La moglie di Frankenstein

La Creatura (Boris Karloff) è sopravvissuta agli eventi del primo film. Nel frattempo il dottor Frankenstein (Colin Clive) riceve la visita del Dottor Pretorius (Ernest Thesiger) che gli propone di unire le forze per creare un altro mostro, una femmina, in modo da poter dare una compagna alla Creatura.

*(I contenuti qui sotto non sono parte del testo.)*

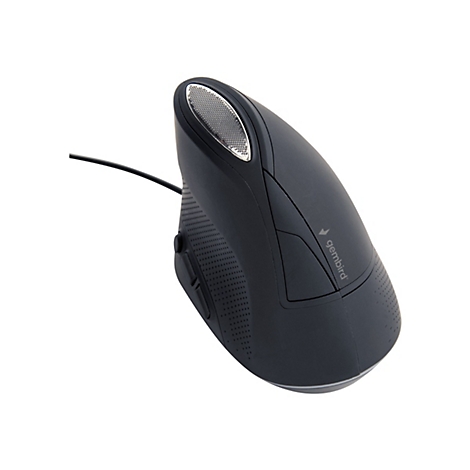 Schwarze, ergonomische Vertikalmaus von Gembird mit Kabel, vor weißem Hintergrund.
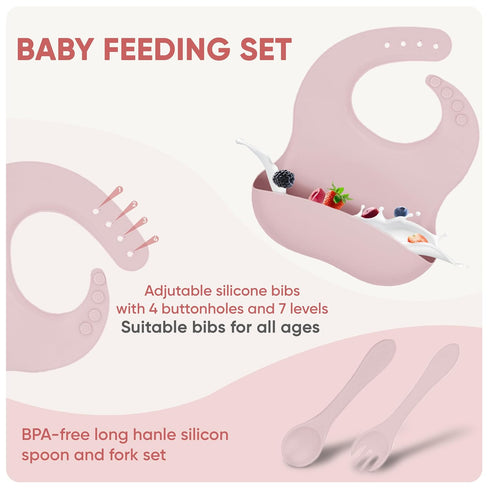 10 Pcs Silicone Baby Feeding Set w/ Suction (Sakura Pink)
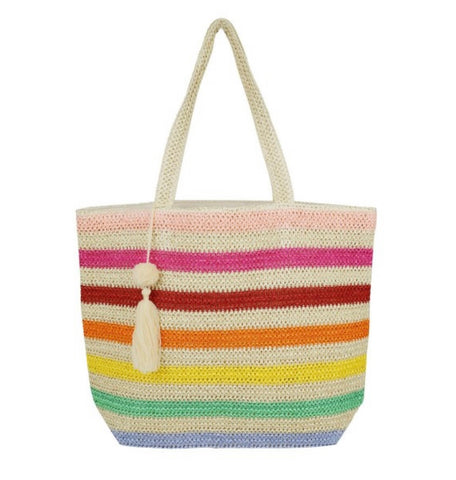 Multicolor Striped Tote Bag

La moglie di Frankenstein uscì con parecchi tagli dovuti alla censura ma, nonostante ciò, non si riuscì ad eliminare il potere enormemente sovversivo della pellicola. Il suo forte sottotesto omosessuale non fu soffocato, così come lo spiccato umorismo camp e la messa in discussione dei ruoli di genere. Pretorius (definito “a very queer-looking old gentleman”) “tenta” Frankenstein con le sue idee sulla creazione che sono leggermente contro la morale cristiana: non c’è bisogno di una donna, ma semplicemente della scienza. La relazione tra i due scienziati risulta ambigua, siccome Pretorius riesce sempre a distogliere l’attenzione di Frankenstein dalla moglie Elizabeth e a trascinarlo con sé nel “folle” esperimento. Quest’ultimo altro non è che il tentativo di procreazione messo in atto tra due persone dello stesso sesso, idea aberrante e di impossibile realizzazione secondo “la legge naturale, divina o umana”. Seriamente, non so come i censori non si siano accorti della beffa.

Il finale

Come se tutto ciò non bastasse, arriva quel finale, quei potentissimi minuti entrati di diritto tra i più belli della storia del cinema. Frankenstein e Pretorius danno vita alla Moglie, una creatura che è lì solo per essere una compagna, per ricoprire un ruolo che è stato scelto per lei. E cosa fa lei? Non si piega. La Moglie è spaventata, quasi disgustata dalla visione della Creatura, e quindi urla. L’urlo della Moglie rappresenta la ribellione, il rifiuto di un ruolo convenzionale e prestabilito. Lanchester, come detto in precedenza, veste i panni di questo personaggio per una manciata di minuti, ma riesce a renderlo iconico. Non ci sono solo l’abito e i capelli, ormai diffusi nell’immaginario collettivo, ma anche e soprattutto le espressioni, lo sguardo spaesato, i sibili che l’attrice modellò sul verso dei cigni e che le fecero quasi perdere la voce per quante volte Whale glieli fece ripetere, volendo riprenderla da quante più angolazioni possibili. Noi possiamo solo piegarci in adorazione e ringraziare di essere vivi in un mondo in cui esiste La moglie di Frankenstein.